§ **WHAT YOU HAVE TO DO**: In the material below, find the line with "50 Pcs Blue" and the line with "Große Mattweiße Keramikvase, Modernes", then output those two lines and every line between them, exactly.

§ **GIVEN INFORMATION**:
===============

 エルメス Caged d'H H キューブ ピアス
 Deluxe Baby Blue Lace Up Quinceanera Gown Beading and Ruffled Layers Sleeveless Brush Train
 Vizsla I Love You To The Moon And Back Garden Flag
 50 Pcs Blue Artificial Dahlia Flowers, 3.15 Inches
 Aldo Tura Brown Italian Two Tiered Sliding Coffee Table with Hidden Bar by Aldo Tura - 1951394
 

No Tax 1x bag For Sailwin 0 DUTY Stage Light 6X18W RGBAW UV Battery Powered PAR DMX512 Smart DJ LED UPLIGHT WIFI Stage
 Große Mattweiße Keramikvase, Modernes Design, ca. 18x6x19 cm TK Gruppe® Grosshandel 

===============

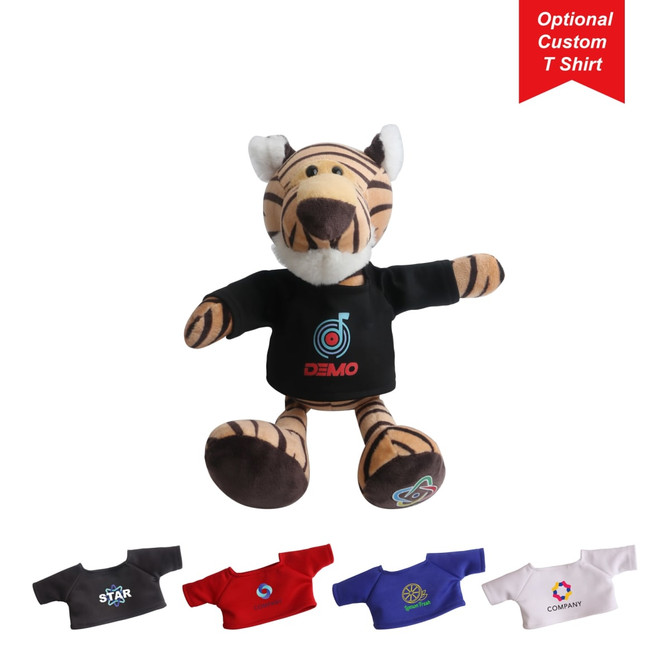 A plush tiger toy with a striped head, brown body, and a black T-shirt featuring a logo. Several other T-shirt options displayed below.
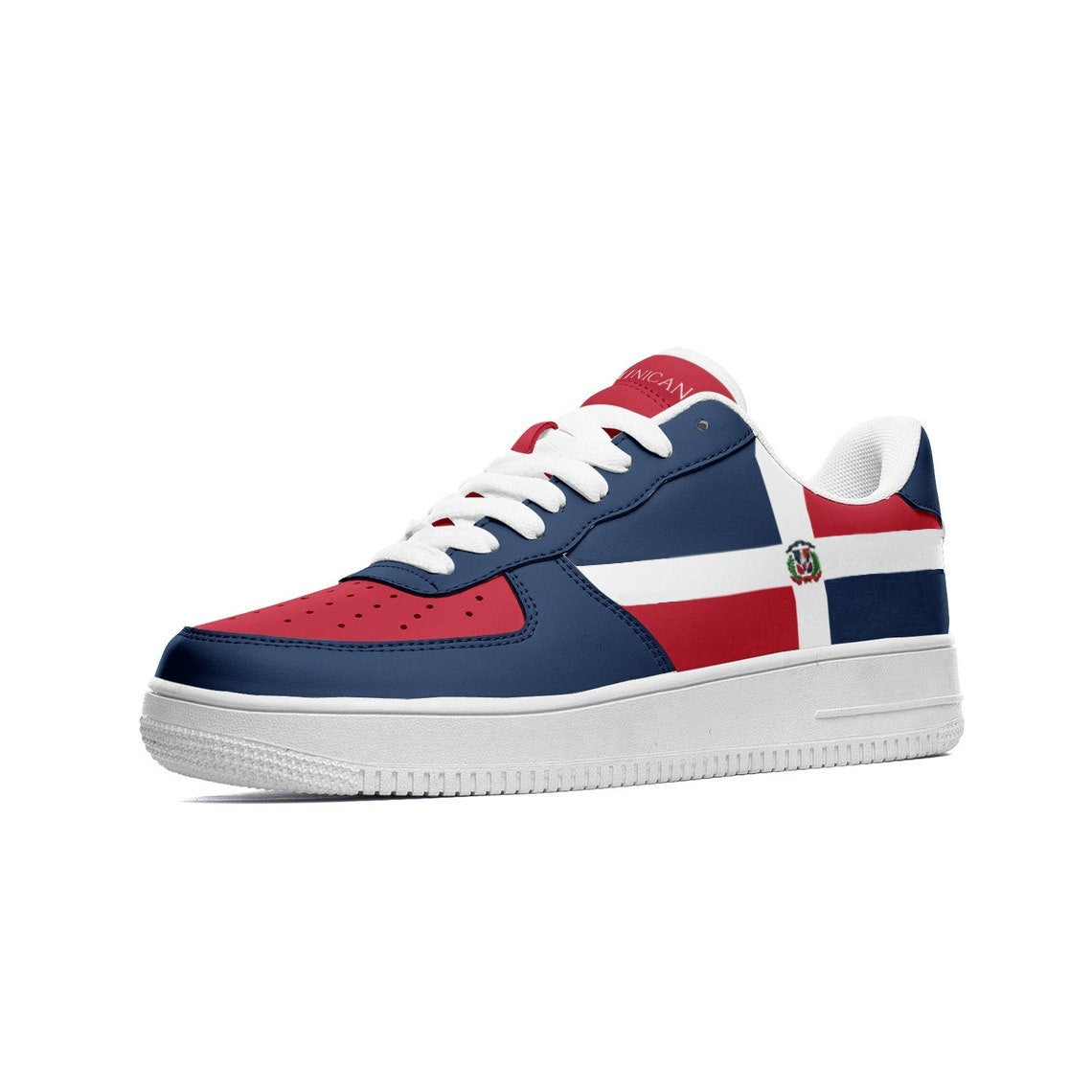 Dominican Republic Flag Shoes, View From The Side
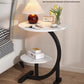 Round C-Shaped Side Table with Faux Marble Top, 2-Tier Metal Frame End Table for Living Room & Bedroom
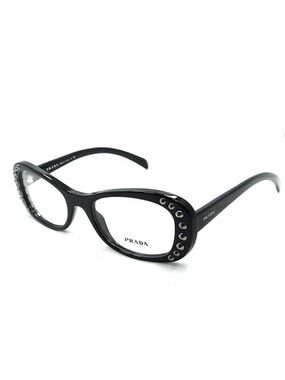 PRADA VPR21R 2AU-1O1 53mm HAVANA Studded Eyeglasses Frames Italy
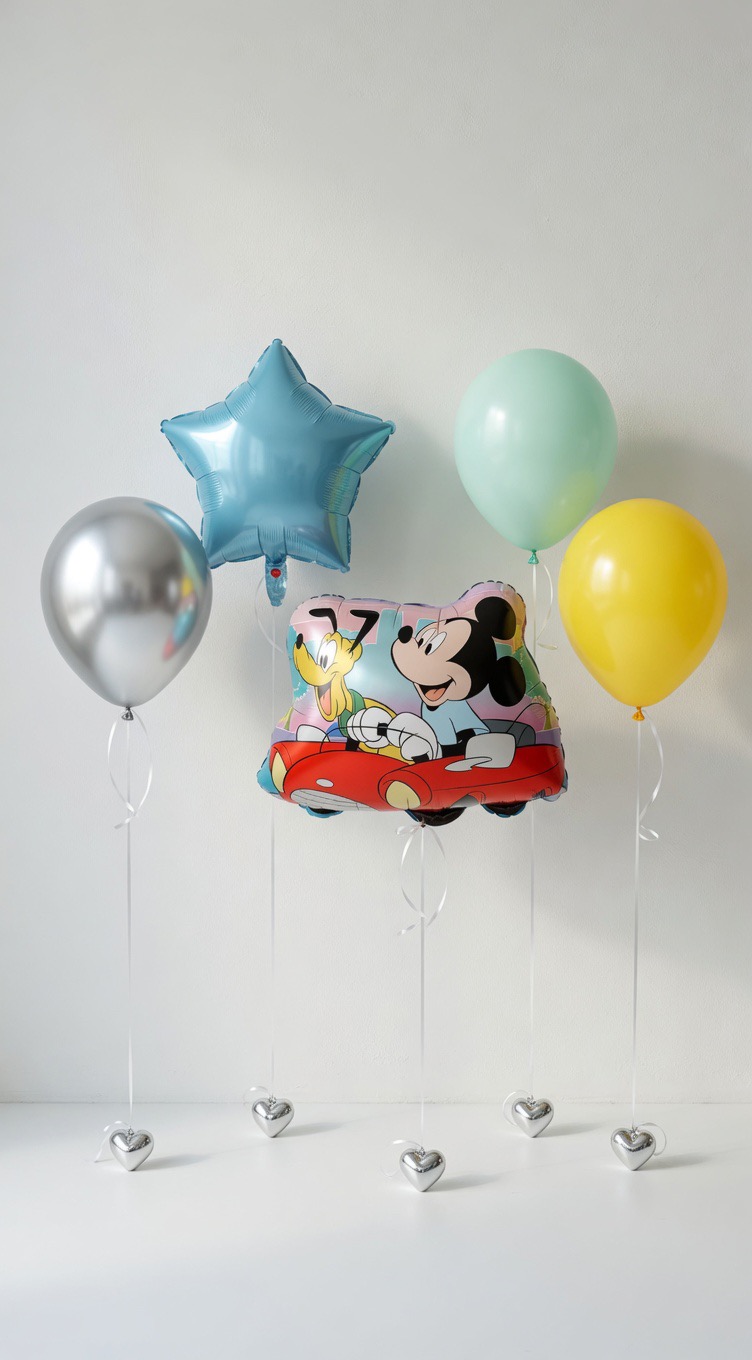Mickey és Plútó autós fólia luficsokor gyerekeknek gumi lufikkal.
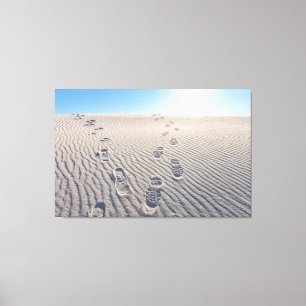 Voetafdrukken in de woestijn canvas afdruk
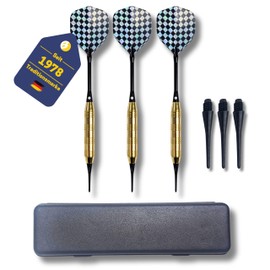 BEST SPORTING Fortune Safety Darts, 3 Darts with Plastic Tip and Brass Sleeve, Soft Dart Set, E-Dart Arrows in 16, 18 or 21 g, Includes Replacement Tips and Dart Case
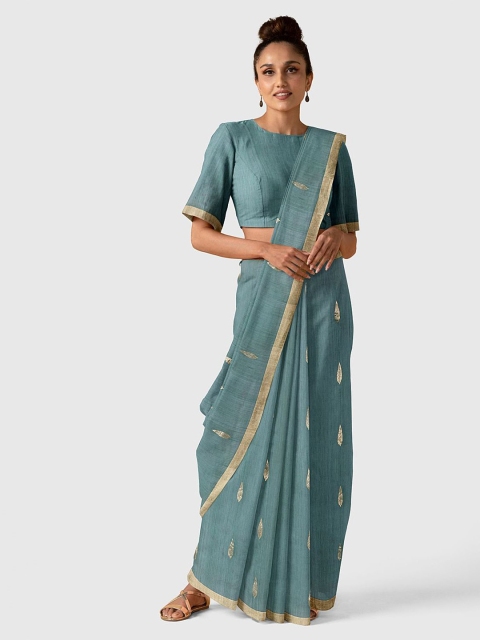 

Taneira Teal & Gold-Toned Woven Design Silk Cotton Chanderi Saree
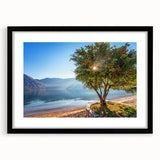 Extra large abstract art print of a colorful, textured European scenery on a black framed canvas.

===============

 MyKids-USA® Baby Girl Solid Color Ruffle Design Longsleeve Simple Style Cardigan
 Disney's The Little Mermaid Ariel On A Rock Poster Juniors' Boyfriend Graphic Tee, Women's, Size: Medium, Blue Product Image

===============

§ **EXERCISE ANSWER**:
 50 Pcs Blue Artificial Dahlia Flowers, 3.15 Inches
 Aldo Tura Brown Italian Two Tiered Sliding Coffee Table with Hidden Bar by Aldo Tura - 1951394
 

No Tax 1x bag For Sailwin 0 DUTY Stage Light 6X18W RGBAW UV Battery Powered PAR DMX512 Smart DJ LED UPLIGHT WIFI Stage
 Große Mattweiße Keramikvase, Modernes Design, ca. 18x6x19 cm TK Gruppe® Grosshandel 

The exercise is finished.